**TASK DESCRIPTION:**
Two lines mark the range in the entries below: the one holding "Kadın Denim Kumaş" and the one holding "TrendPlain Oljesprayflaska för". Set down those two and all lines between them, exactly.

(Caption-style text data)
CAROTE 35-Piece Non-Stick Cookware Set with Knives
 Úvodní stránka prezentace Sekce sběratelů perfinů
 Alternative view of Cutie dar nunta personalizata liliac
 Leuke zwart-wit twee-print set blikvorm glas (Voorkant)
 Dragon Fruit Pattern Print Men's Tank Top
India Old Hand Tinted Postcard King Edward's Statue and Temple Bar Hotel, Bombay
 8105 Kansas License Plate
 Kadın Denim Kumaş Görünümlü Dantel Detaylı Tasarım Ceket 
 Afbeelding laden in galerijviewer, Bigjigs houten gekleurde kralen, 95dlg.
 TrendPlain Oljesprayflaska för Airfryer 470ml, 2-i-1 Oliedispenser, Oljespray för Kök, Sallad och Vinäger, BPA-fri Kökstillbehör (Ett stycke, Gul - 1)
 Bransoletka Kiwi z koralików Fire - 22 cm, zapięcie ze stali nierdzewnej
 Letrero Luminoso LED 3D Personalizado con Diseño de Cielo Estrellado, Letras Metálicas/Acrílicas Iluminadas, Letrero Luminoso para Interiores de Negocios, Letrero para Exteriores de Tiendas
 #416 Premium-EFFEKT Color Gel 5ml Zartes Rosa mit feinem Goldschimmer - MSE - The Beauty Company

**OUTPUT FOR THIS EXERCISE:**
 Kadın Denim Kumaş Görünümlü Dantel Detaylı Tasarım Ceket 
 Afbeelding laden in galerijviewer, Bigjigs houten gekleurde kralen, 95dlg.
 TrendPlain Oljesprayflaska för Airfryer 470ml, 2-i-1 Oliedispenser, Oljespray för Kök, Sallad och Vinäger, BPA-fri Kökstillbehör (Ett stycke, Gul - 1)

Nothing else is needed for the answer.